Abdelkader EL FARSSAOUI
La verdad, en ocasiones, no se grita. Se filtra. Se desliza en mensajes interceptados, en conversaciones que nunca debieron ser escuchadas, en líneas de WhatsApp que se abren y cierran bajo la mirada de un espectro digital. En Italia, el redactor jefe de Fanpage, Francesco Cancellato, ha sido víctima de este fenómeno: su teléfono fue hackeado con Graphite, un software espía desarrollado por la empresa israelí Paragon, utilizado, según sus propios fabricantes, exclusivamente por agencias estatales y de inteligencia.
El hecho de que un periodista de investigación haya sido espiado no es solo un ataque contra su privacidad, sino un golpe artero al periodismo mismo. La noticia ha sacudido a la Federación Nacional de la Prensa Italiana (FNSI) y al Colegio de Periodistas, que han denunciado con firmeza lo ocurrido y han emprendido acciones legales. Mientras tanto, el gobierno italiano se ha apresurado a negar cualquier implicación, encargando a la Agencia Nacional de Ciberseguridad (ACN) que investigue el caso. ¿Pero qué credibilidad tiene una investigación cuando los sospechosos son, en última instancia, quienes tienen la capacidad de manipular la información?
No es la primera vez que un Estado se escuda en la seguridad nacional para justificar prácticas turbias. En Europa, al menos 13 países han sido señalados por espiar a periodistas y miembros de la sociedad civil. La justificación, invariablemente, se enmarca en la lucha contra el terrorismo, la protección de la estabilidad o la seguridad del Estado. Sin embargo, ¿cuántas veces el “enemigo” ha sido simplemente un periodista indagando demasiado cerca de la verdad?

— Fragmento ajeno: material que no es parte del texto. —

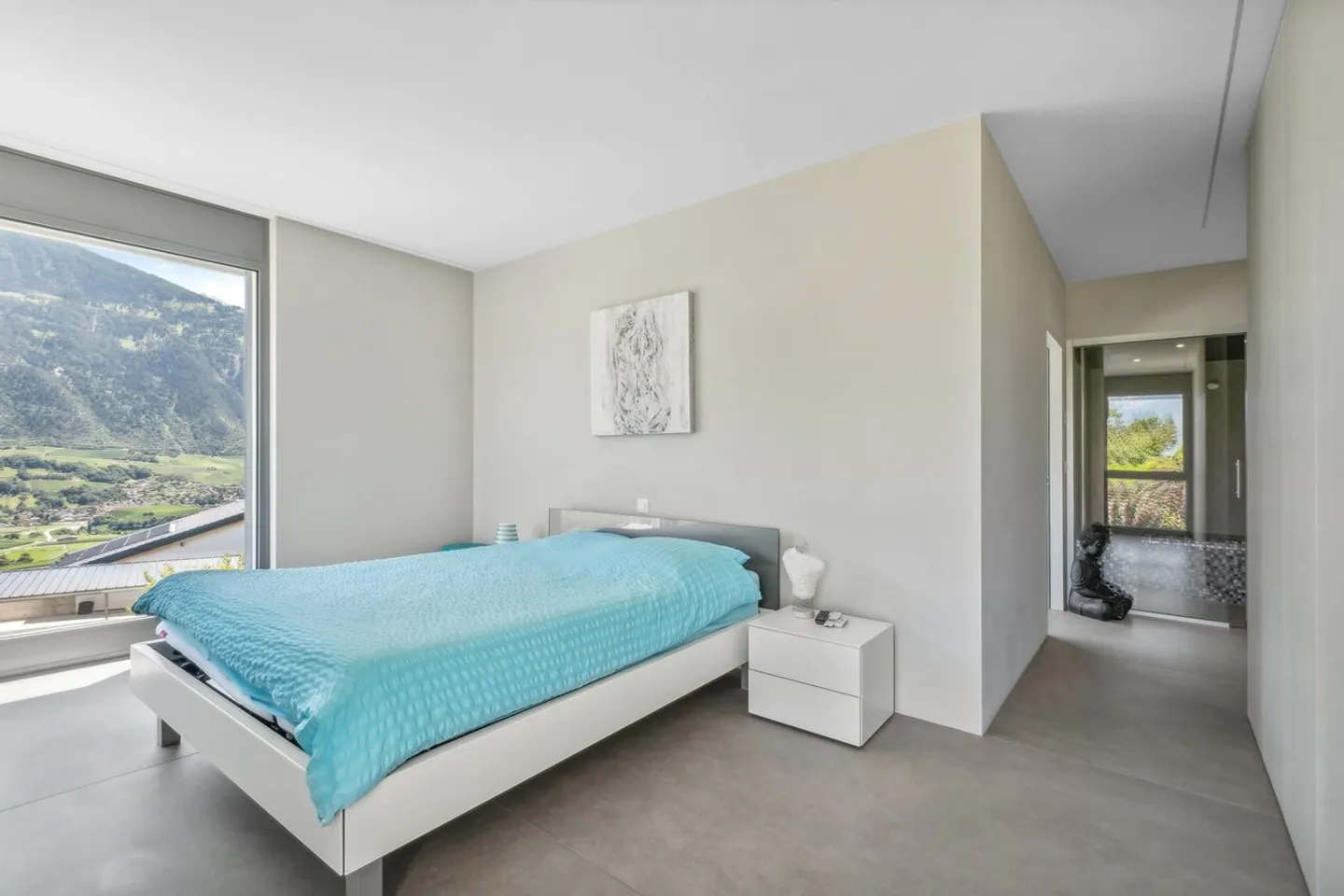 CORIN - Wunderschöne moderne Villa mit grandioser Aussicht auf die Ebene - Foto 7 von 13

La vigilancia sin justificación es la antesala del autoritarismo. No se trata solo de Francesco Cancellato. Él es, por ahora, el único que ha dado un paso al frente, pero ¿cuántos más han sido espiados sin saberlo? ¿Cuántos siguen bajo vigilancia? Y lo más inquietante: ¿por qué? El presidente de la FNSI, Vittorio di Trapani, lo dejó claro: Graphite no es un juguete de hackers anónimos, es una herramienta de espionaje con licencia de uso exclusivamente estatal. Entonces, si un periodista ha sido espiado, el responsable solo puede ser una entidad gubernamental o un organismo vinculado al Estado.

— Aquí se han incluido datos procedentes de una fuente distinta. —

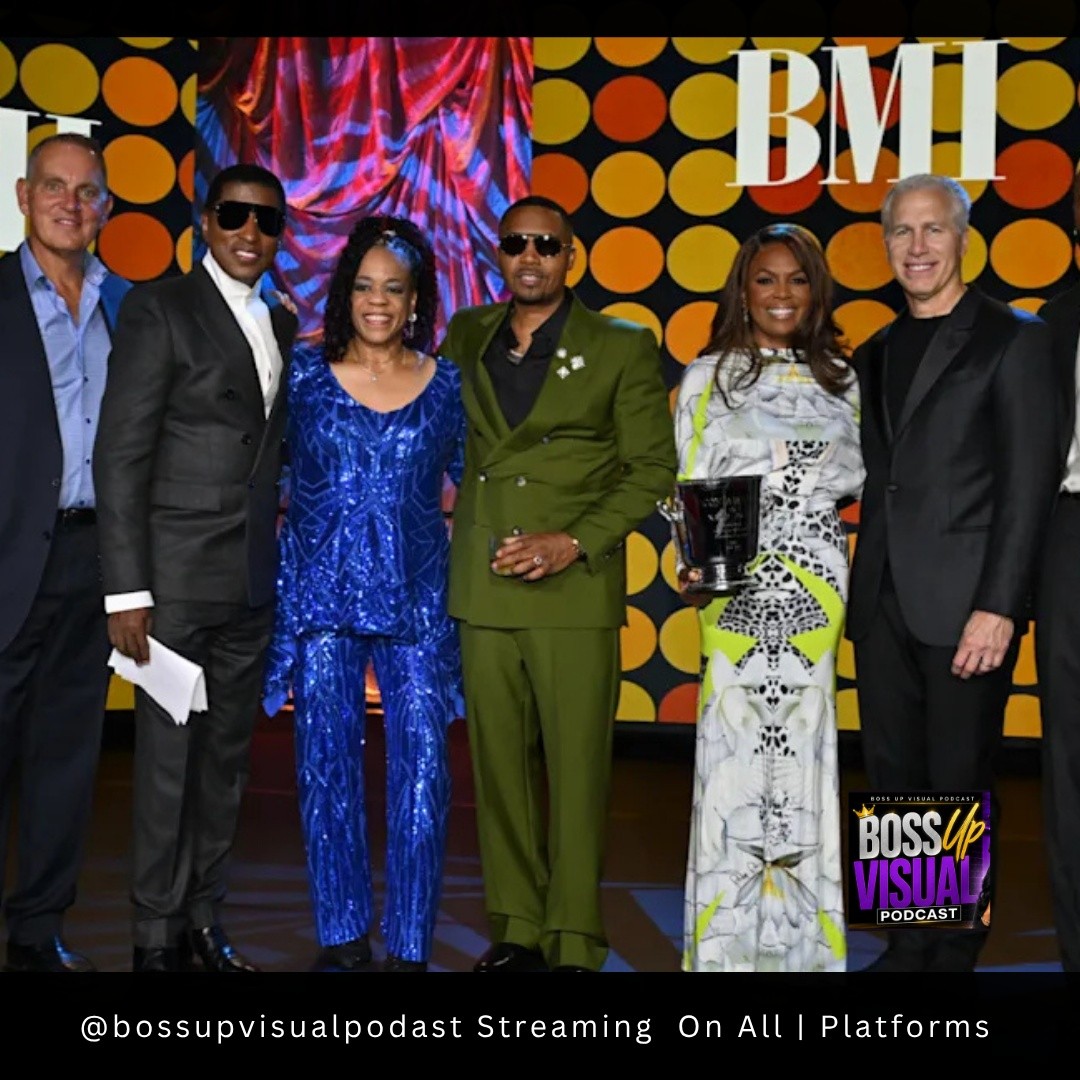 Nas Crowned Icon, Kendrick Lamar Honored as Top Songwriter at 2026 BMI R&B/Hip-Hop Awards.  #Nas #celebnews #music #bmihiphopawards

La paradoja es evidente: un gobierno que, mientras se lava las manos y promete una investigación, es el único actor que podría haber accedido a esta herramienta. Las palabras del Consejo Nacional de l’Ordine de Giornaliste resuenan con una gravedad ineludible: si el gobierno no aclara lo sucedido, no habrá más opción que recurrir a la justicia. Pero la justicia también puede ser un teatro de sombras donde la verdad se disuelve en tecnicismos legales y secretos de Estado.
En el fondo, este caso no es solo una cuestión de espionaje, sino de la relación cada vez más tóxica entre el poder y la prensa. Un periodista espiado es un mensaje para los demás: “Sabemos lo que haces. Sabemos lo que buscas. Y podemos ver más de lo que imaginas”. Es un intento de instaurar el miedo como método de control, de sembrar la autocensura en el oficio que existe precisamente para romper silencios incómodos.
Si Italia es una democracia, este caso debería provocar una respuesta contundente. No un silencio administrativo, no una investigación diluida en burocracia, no una excusa envuelta en seguridad nacional. Porque cuando el periodismo es espiado, no se está vulnerando solo la privacidad de un individuo, sino el derecho de toda la sociedad a ser informada.
Francesco Cancellato ha sido espiado. Su WhatsApp ha sido intervenido. Su vida profesional ha sido vulnerada. La pregunta ya no es si el espionaje a periodistas ocurre, sino quién lo ordena y con qué propósito. El periodismo es el espejo en el que el poder se refleja. Y cuando un gobierno decide romper ese espejo, lo que teme no es su imagen, sino la verdad que este puede revelar.